“MORE than half of the Filipino student and youth sector is made up of women. They experience the gravest character of the Philippine educational system. Incessant tuition and school fees increases, militarization in the campuses, harassment and sexual aggression are among the lashes experienced by our Filipina students and youth,” Ms. Sheryl Alapad, Secretary General of the National Union of Students of the Philippines (NUSP) said.
SheStudents are faced with the threat a new round of school fees increases and impositions as school administrations have started this February to propose such fee hikes. As prices of commodity goods and other services have escalated to stratospheric prices, Filipina students and youth are forced to drop out of school and/or to engage in anti-social means like prostitution. “Either Filipina students drop out of school or sell their bodies in exchange for the amount of their tuition fee in what is touted as “prosti-tuition,” Alapad said.
“NUSP has also received reports of increasing military aggression in our colleges and universities, where elements of the Armed Forces of the Philippines (AFP) have red-tagged progressive student leaders, illegally procured personal and private information of student activists, many of whom are women, and instigated fear by stalking and harassing the students,” Alapad said.
“The University of the Philippines, for one, continues to seek the whereabouts of its students Karen Empeno and Sherlyn Cadapan ‘disappeared’ or abducted by elements of the AFP,” she added.
NUSP also said that many schools discriminate Filipinas students by not addressing complaints against sexual harassment and aggression. In the past months, NUSP said that Filipina students have been bullied, harassed, beaten and murdered. “We are far from just being alarmed at the increasing rate of sexual harassment and aggression, that’s why we call on schools to ensure policies on gender and sexuality necessary to protect the students,” says Alapad.

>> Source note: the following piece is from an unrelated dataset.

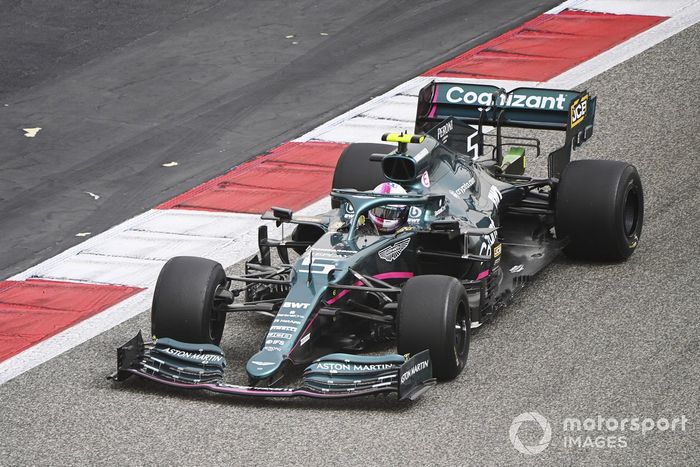 20. Sebastian Vettel, Aston Martin AMR21: 117 vueltas (633,204 km)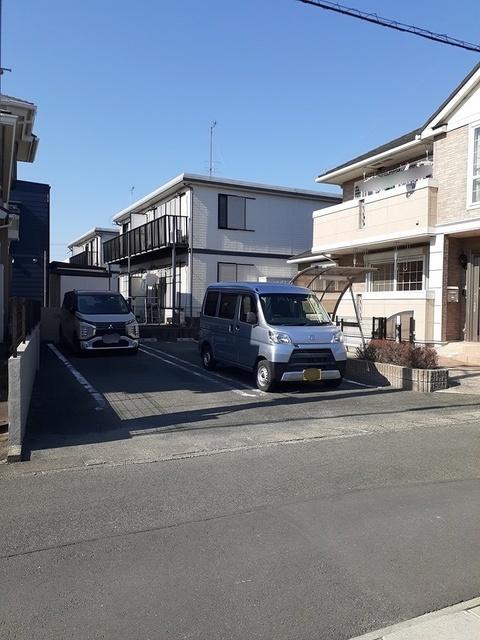 ヒカリ（201） 駐車場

“These are but only a few of why the student union affirms its stand to end violence against women. We call on our fellow students and youth, men, women or members of the LGBTQI sector, as well as our teachers and school officials, to join in our demand to end the wanton violence against women,” the group said.
“Now, more than ever, it is imperative to expose and end the commercialized, colonial and fascist educational system as one of the requirements to end violence against women. It is also imperative to institute a nationalist, scientific and mass-oriented education,”said Alapad.